I have been given a dataset and been tasked with calculating the average wage for different job titles. The data includes a mix of ranges (min-max) and values.
If we assume for the job title, Developer, these are the wages:
1. $80K - 120K
2. $90K
3. $120K - 150K
4. $95K
5. $50K
6. $200K - 225K
7. $100K
8. $100 – 150K
9. $50K - 120K
10. $85K
How should I calculate the average wage for a Developer?
My thoughts are to first excluded wage information for 5, 6 and 9 as these look like outliers. I would then take the average of each range and add these together with the other wages, and then divide by the number of wages.
This would give:
(100 + 90 + 135 + 95 + 100 + 125 + 85)/7 = $104K
I would then conclude that the average wage for a Developer at Company is 104K, with the range 80K to 150K.
Is this approach correct?
EDIT
80K-120K means that there's one person whose income is somewhere in that range.
Best Answer
Your decision as to what constitutes an outlier is a very subjective one and has no place in analytics.

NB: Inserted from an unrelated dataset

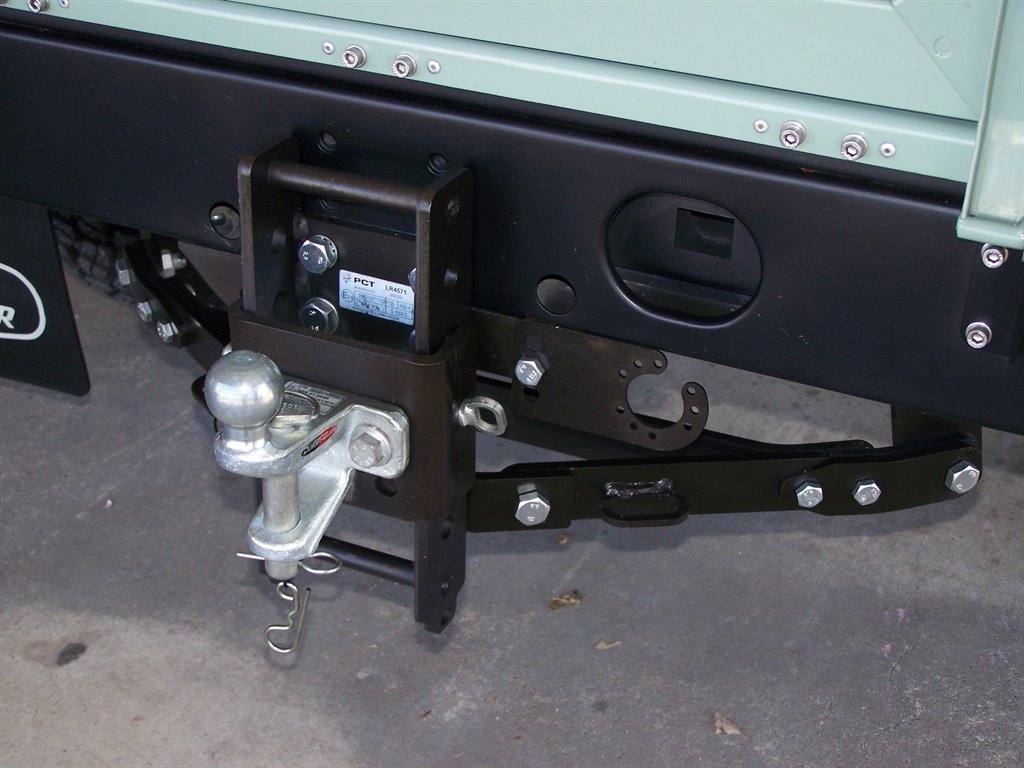 1995 Land Rover Defender - $110,890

There is no reason to suspect that salaries should follow a normal, or similarly shaped, distribution. It is completely understandable to have a junior developer just out of uni on a wage several standard deviations less than the average and experienced managerial level developers many times above. I have a feeling a real distribution would be at least bi-modal.
Please don't exclude outliers without a solid justification for doing so, but apart from that your approach is completely correct.